И Генрих, весь во власти охватившего его страха перед воображаемой опасностью, снова бросился на кровать, уже готовый зарыться под одеяло.
– Ну, ну, ну! – сказал Шико тоном, в котором чувствовалась и некоторая жалость, и большая привязанность. – Не горячись: стоит тебе до меня дотронуться, и ты сразу во всем убедишься.
– Значит, ты не вестник гнева божьего?
– Черт бы тебя побрал! Разве у меня рога, словно у Сатаны, или огненный меч в руках, как у архангела Михаила?
– Так как же ты все-таки вошел?
– Ты опять об этом?
– Конечно.
– Пойми же наконец, что я сохранил ключ, тот ключ, который ты мне сам дал и который я повесил себе на шею, чтобы позлить твоих камергеров,[28] – они же имеют право носить ключи только на заду. Так вот, при помощи ключа открывают двери и входят, я и вошел!
– Через потайную дверь?
– Ясное дело!
– Но почему ты явился именно сегодня, а не вчера, например?

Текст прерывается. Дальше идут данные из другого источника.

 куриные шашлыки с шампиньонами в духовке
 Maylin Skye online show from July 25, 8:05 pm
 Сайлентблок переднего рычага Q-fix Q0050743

– А, правда, в том-то и весь вопрос. Что ж, сейчас ты узнаешь.
Генрих опустил одеяло и продолжал наивным и жалобным тоном ребенка:
– Не говори мне ничего неприятного, Шико, прошу тебя. О, если бы ты знал, как я рад, что слышу твой голос!
– Я скажу тебе правду, вот и все. Тем хуже, если правда окажется неприятной.
– Не всерьез же ты, в самом деле, опасаешься господина де Майена, – сказал король.
– Наоборот, это очень серьезно. Пойми же: получив от слуг господина де Майена пятьдесят палочных ударов, я ответил тем же и всыпал ему сотню ударов ножнами шпаги. Если предположить, что два удара ножнами равняются одному палочному – мы квиты. Если же допустить, что один удар ножнами равняется одному палочному, господин де Майен, возможно, считает, что он должен мне еще пятьдесят ударов – палочных или ножнами. Я же ничего так не опасаюсь, как подобных должников. И как бы я сейчас ни был тебе необходим, я не явился бы сюда, если бы не знал, что господин де Майен находится в Суассоне.
– Отлично, Шико, раз это так, раз ты возвратился ради меня, я беру тебя под свое покровительство и желаю…
– Чего именно? Берегись, Генрике, каждый раз, когда ты произносишь слова «я желаю», это значит, что ты готовишься совершить какую-нибудь глупость.